→ What is needed: Give again only what runs from the line with "B144 Logo - Link to main page" to the final line of the entries below, exactly as written and without pictures.

→ Input data:
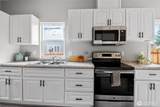2415 Cedar Street - Photo 11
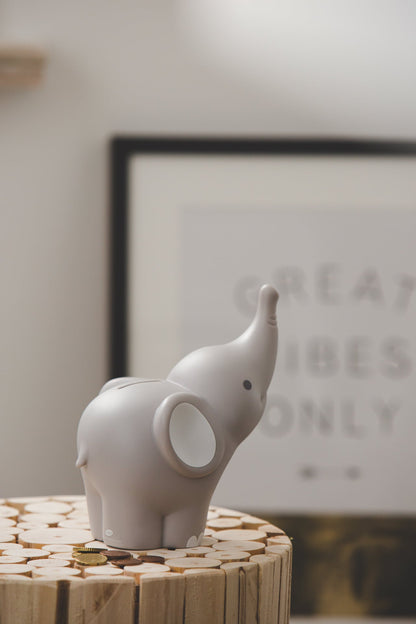 Money box Balthazar
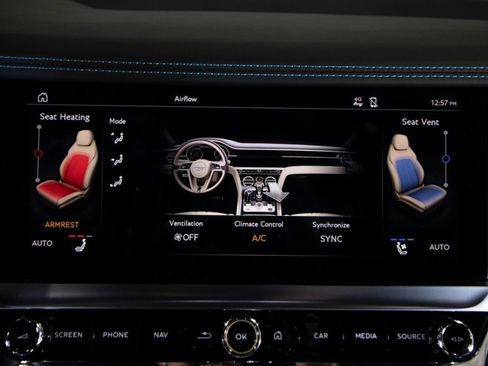 Used 2020 Bentley Continental GT image 30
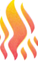 B144 Logo - Link to main page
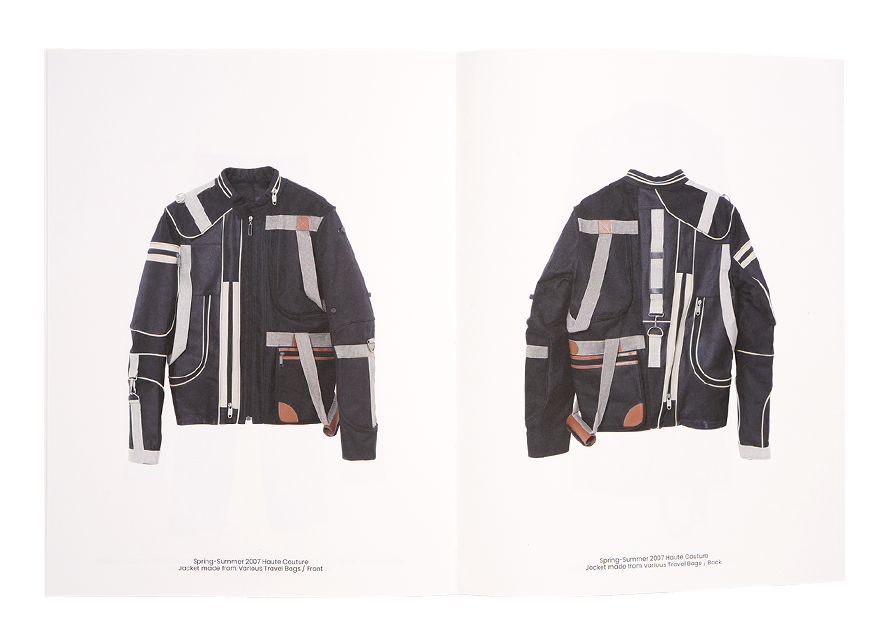 Maison Martin MargielaここのえメガネT archive MYKITA+Maison Margiela メガネ MMESSE019 COL.E13 ポンメガネ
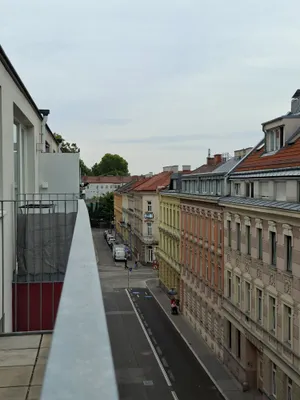 2-Zimmer-Wohnung kaufen in Wien – 47 m², € 264.000 – Bild 12 von 13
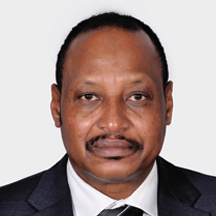 Adam Elhiraika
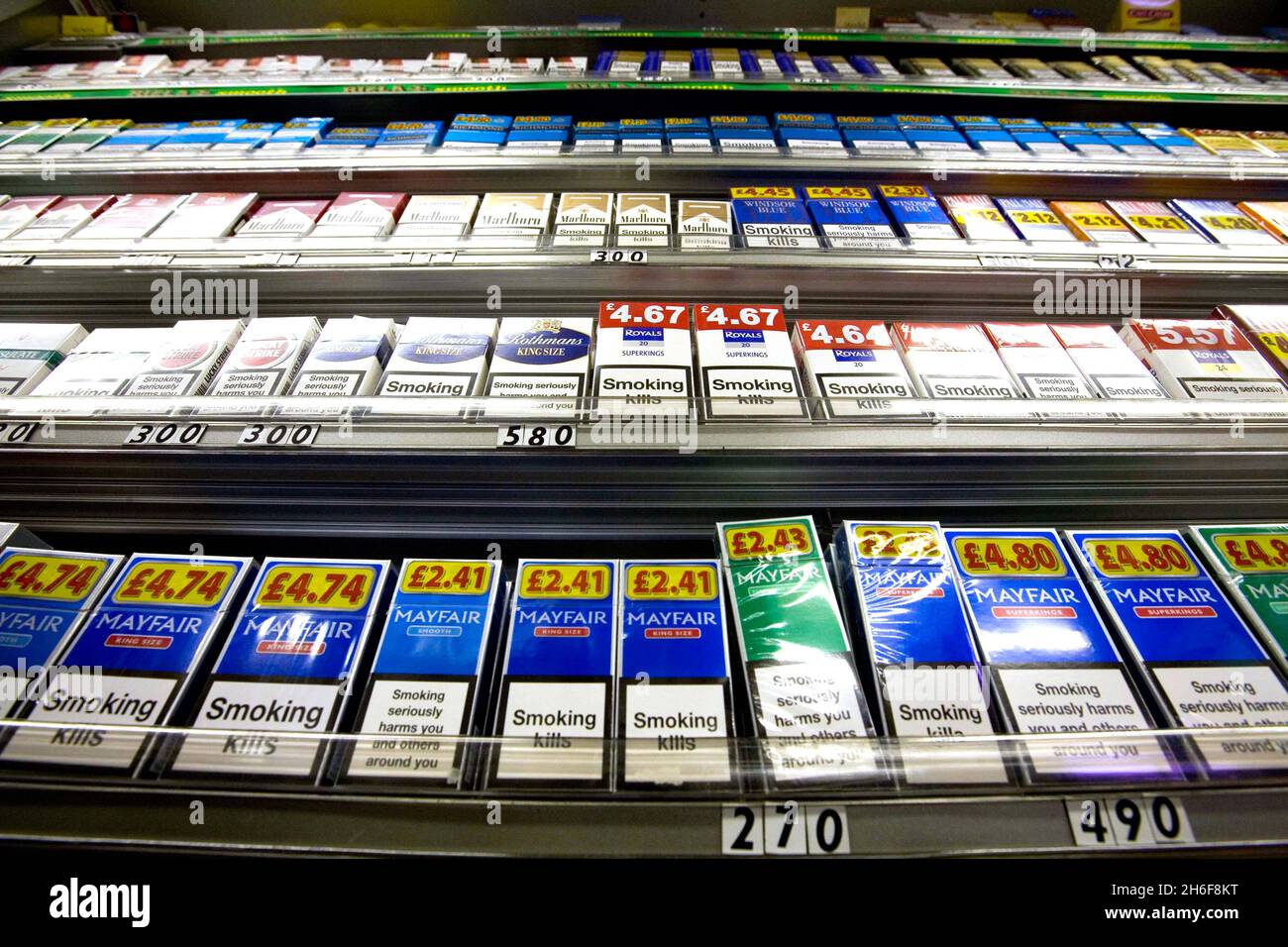 how old to smoke cigarettes You'll have to be 21 to buy cigarettes or vape products in Washington  starting Jan. 1, 2020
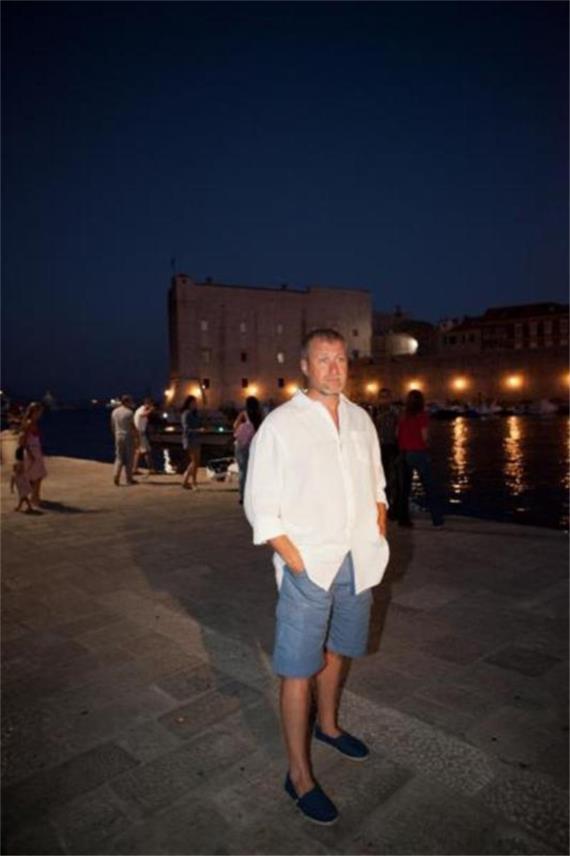 l+Abramović 0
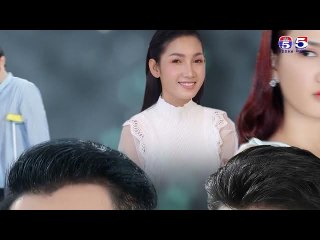 រឿង ពូជមួយត្រួយបី ភាគ 47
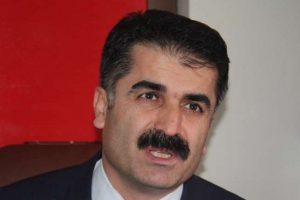 CHP'li Ayg&uuml;n'den "fişleme" a&ccedil;ıklaması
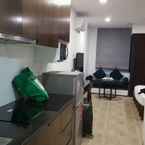 Review photo of ISTAY Hotel Apartment 6 2 from Nguyen T. T. H.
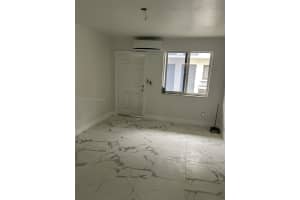318 E 21st St #2, Hialeah, FL 33010, - MLS#A11980763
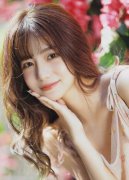 以便为快速成长的人工智能手艺拆上全球同一尺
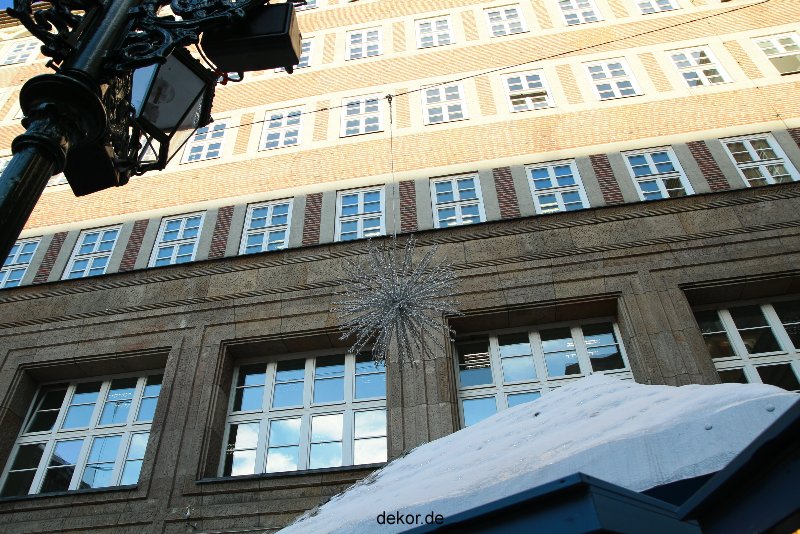 weihnachtsmaerkte-2010-duesseldorf-sternchenmarkt-021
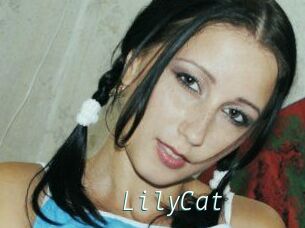 Lily_Cat_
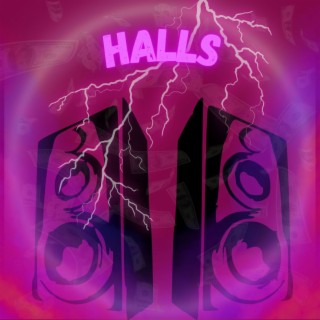 Halls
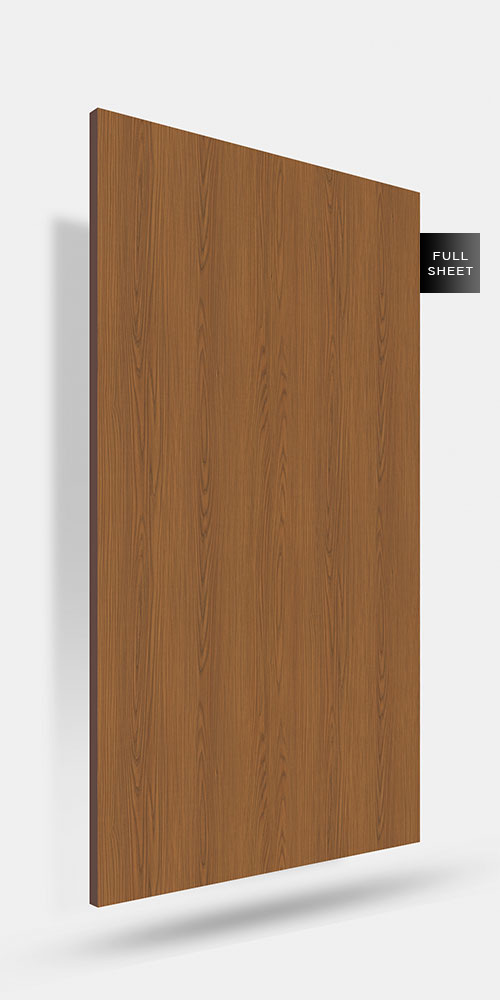 Masselo Brown Laminate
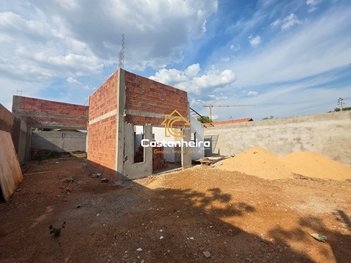 house em Quadra ARSO 121 Alameda 10, Plano Diretor Sul - Palmas - TO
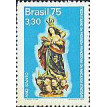 BRASIL SL-1975/0898-RRC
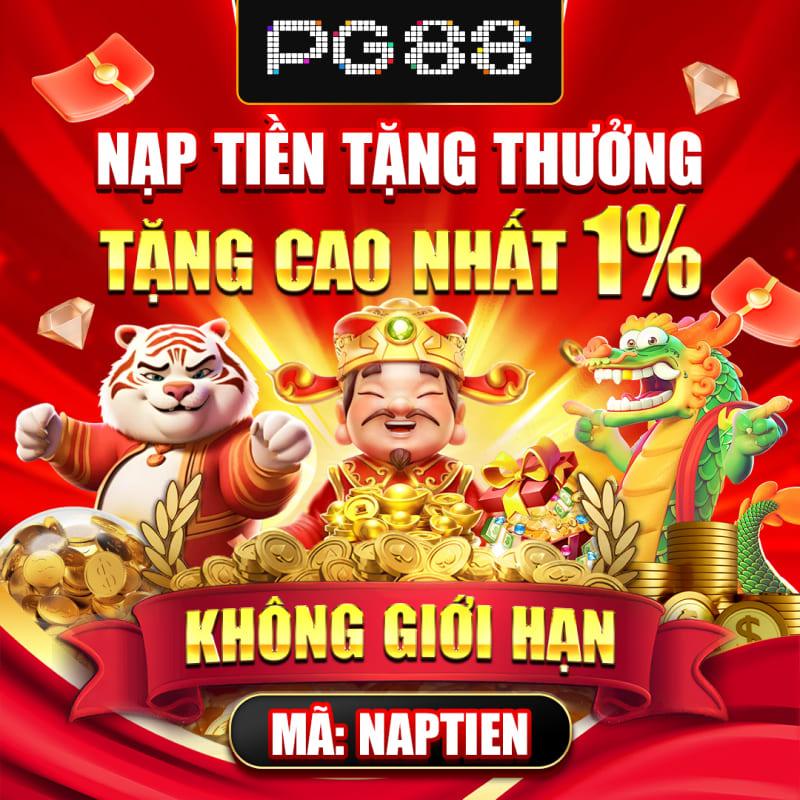 Giá Chung Cư Phước Lý Đà Nẵng Khám Phá Thế Giới Cá Cược Trực Tuyến Đẳng Cấp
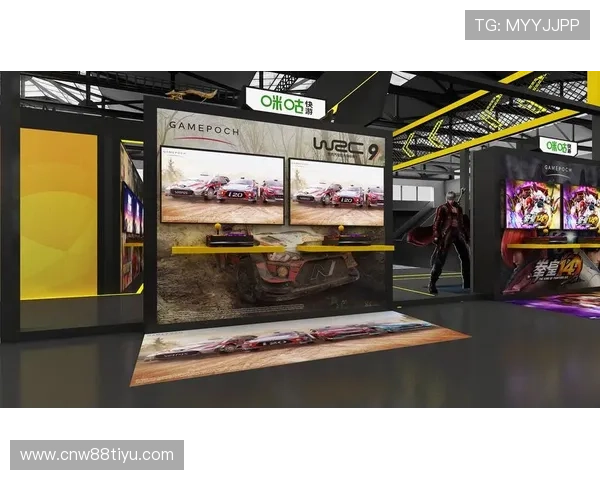 开云网娱乐：融合直播、短视频等多样娱乐形式打造一站式娱乐平台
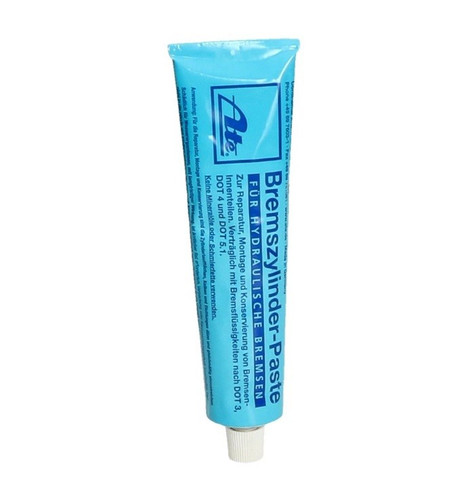 Ate bremszylinderpaste - ate,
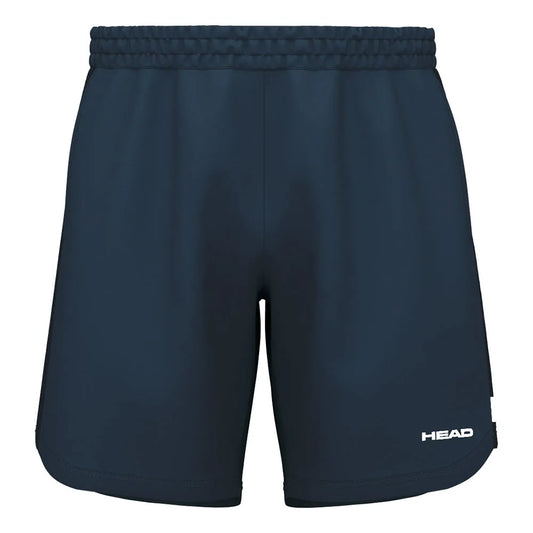 Head Power shorts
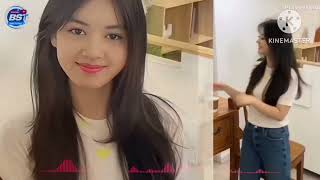 Sabah Song[ Kiusak Totomou] New Versi Julius Kassun MP4 Video Music Full hd 60fps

→ The answer:
 B144 Logo - Link to main page
 Maison Martin MargielaここのえメガネT archive MYKITA+Maison Margiela メガネ MMESSE019 COL.E13 ポンメガネ
 2-Zimmer-Wohnung kaufen in Wien – 47 m², € 264.000 – Bild 12 von 13
 Adam Elhiraika
 how old to smoke cigarettes You'll have to be 21 to buy cigarettes or vape products in Washington  starting Jan. 1, 2020
 l+Abramović 0
 រឿង ពូជមួយត្រួយបី ភាគ 47
 CHP'li Ayg&uuml;n'den "fişleme" a&ccedil;ıklaması
 Review photo of ISTAY Hotel Apartment 6 2 from Nguyen T. T. H.
318 E 21st St #2, Hialeah, FL 33010, - MLS#A11980763
 以便为快速成长的人工智能手艺拆上全球同一尺
 weihnachtsmaerkte-2010-duesseldorf-sternchenmarkt-021
 Lily_Cat_
 Halls
 Masselo Brown Laminate
 house em Quadra ARSO 121 Alameda 10, Plano Diretor Sul - Palmas - TO
 BRASIL SL-1975/0898-RRC
 Giá Chung Cư Phước Lý Đà Nẵng Khám Phá Thế Giới Cá Cược Trực Tuyến Đẳng Cấp
 开云网娱乐：融合直播、短视频等多样娱乐形式打造一站式娱乐平台
 Ate bremszylinderpaste - ate,
 Head Power shorts
 Sabah Song[ Kiusak Totomou] New Versi Julius Kassun MP4 Video Music Full hd 60fps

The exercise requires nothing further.